Changeons de perspective et prenons un peu de recul par rapport à trois sujets importants aujourd'hui : la Chine, la dette publique et l'emploi américain.

En Chine, le Parti/Etat, sous la houlette de Xi Jinping, intègre la double ambition de l'Amérique de Donald Trump (mais peut-être aussi demain celle de Joe Biden) de découpler les deux économies et de limiter l'accès de China Inc. à la technologie made in USA. La question posée est alors celle de la stratégie à mettre en place pour que la croissance chinoise ne souffre pas trop du « changement de pied » initié à Washington.

C'est en mai dernier que le Comité permanent du Bureau politique du Parti communiste a introduit le concept de « circulation duale ». La définition, sans trop de surprise, est assez absconse : « un nouveau modèle de développement qui prend la circulation intérieure comme le moteur principal (de la croissance économique) avec des circulations intérieure et internationale se renforçant mutuellement ». Par circulation, il faut probablement entendre les échanges de produits bruts ou intermédiaires et des facteurs de production (dont le capital sous ses différentes formes) nécessaires au fonctionnement de l'économie.
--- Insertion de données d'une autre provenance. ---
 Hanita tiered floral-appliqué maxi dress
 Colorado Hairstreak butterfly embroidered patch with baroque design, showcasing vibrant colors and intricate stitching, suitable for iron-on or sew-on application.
Le Président Xi, en juillet dernier, a voulu sortir de l'approche conceptuelle et s'est efforcé de présenter les choses plus simplement. Confrontée à la montée du protectionnisme et au ralentissement de la croissance mondiale, la Chine doit moderniser son industrie et repenser ses chaines d'approvisionnement, favoriser l'innovation technologique et accélérer la recherche dans les secteurs-clés. C'est ainsi que de nouveaux avantages comparatifs apparaitront, gages de prochains développements économiques. Les portes de la Chine ne se refermeront pas ; le but est de de mieux connecter le marché intérieur avec le marché international pour parvenir à un développement plus robuste et plus durable.

Faisons encore un effort de synthèse et essayons de prendre la mesure du changement. L'ambition est d'abord de consolider les chaines d'approvisionnement en mixant les sources domestiques et étrangères, tout en diversifiant ces dernières. Elle est ensuite de de mieux unifier l'offre chinoise à destination à la fois des marchés intérieur et extérieur. Il ne fait guère de doute que la déclinaison opérationnelle de la « circulation duale » sera au cœur de la réflexion lors des travaux du prochain plenum du Parti qui, au cours de la deuxième quinzaine d'octobre, se penchera sur le quatorzième plan quinquennal (2021 – 2025). En sachant bien sûr que la date ne doit rien au hasard ; n'est-il pas opportun juste avant l'élection présidentielle américaine de montrer le sens de la méthode des autorités chinoises et de le comparer à l'esprit brouillon qui règne à Washington ?

Dans l'essentiel du monde développé, les dettes publiques sont élevées et pourtant il est unanimement jugé nécessaire de continuer de soutenir une activité qui reste trop fragile. La dernière initiative en date est française, avec un plan de relance de 100 milliards d'euros, qui sera pour l'essentiel mis en place cette année et l'an prochain. Comme quoi des ratios dette publique sur PIB qui tutoient les 120% n'apparaissent pas comme un obstacle infranchissable !

Comment le marché doit-il se positionner par rapport à ce volontarisme affirmé ? Peut-être en suivant la grille de lecture proposée par Mario Draghi, peu après la mi-août, dans ce qui fût sa première contribution publique au débat de politique économique depuis son départ de la BCE. Le principe est simple, mais la déclinaison peut être pas toujours facile à suivre : il faut « faire » de la « bonne dette », c'est-à-dire venant financer des dépenses productives dont une partie de la valeur ainsi créée servira à la rembourser, et pas de la « mauvaise dette » qui ne viendrait financer que des dépenses courantes, davantage stériles en matière de préparation de l'avenir.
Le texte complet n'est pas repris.